Despite the limitations of an initial experience, the Pediatric IPG device allows safe electrostimulation in small children. It enables the patient to reach an adequate size where stimulation can be continued using adult-profile permanent pacemakers. During our experience with the Pediatric IPG permanent pacemaker, we observed that the battery life is less than the Micra model implanted in adults. This is probably due to the epicardial mode of stimulation, which requires more energy than the endocardial mode, explaining the higher thresholds. We also have to consider that pediatric patients have a higher cardiac frequency compared to adults, which increases the stimulation rate.
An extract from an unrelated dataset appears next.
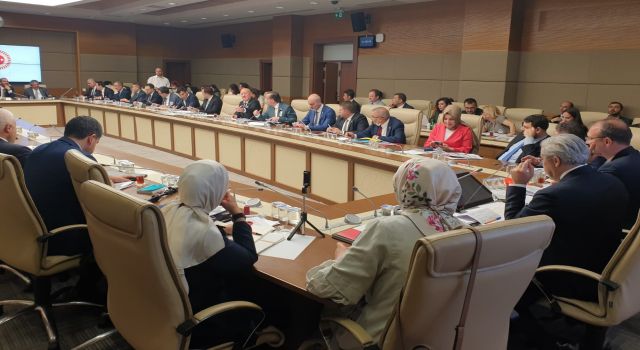 TGK Rapor Sundu “İnternet Medyası, Yazılı Basına Zarar Vermeden Desteklenmeli”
Currently, we do not have an adequate permanent pacemaker for newborns. The use of leadless pacemakers in adult patients has allowed us to obtain smaller-profile permanent pacemakers, which, when adapted for epicardial use, can be employed safely in patients weighing less than 4kg. This allows basic cardiac electrostimulation but does not allow for remote monitoring or auto-capture of thresholds. Another limitation is the inability to stimulate using unipolar leads, this leads to the need to implant a bipolar lead in a small heart, which could be challenging in certain neonatal cases. Moreover, the Pediatric IPG, does not allow a reliable stimulation beyond 5V, this was the reason in our case for changing the generator when thresholds reached 4V. Finally, the device is not compatible with magnetic resonance imaging (MRI). Although the case is made from high-quality thermoplastic polyether ether ketone, this material and the epicardial leads have not been approved for MRI. Thus, this type of imaging cannot be recommended for these patients.9

A salient feature of our case report is the rare association of a hemodynamically relevant VSD with a respiratory relevant CLE. Moreover, we report a mechanical interaction of the CLE, which could negatively affect the normal function of epicardial leads and should be taken into account when encountering unstable epicardial lead thresholds in these patients.

Regardless of our initial experience with small-sized permanent pacemakers, patients like the one presented here make a case for innovation and investigation in reducing the profile of these devices, especially in the neonatal period. This allows for safe electrostimulation, reducing profile-related serious complications.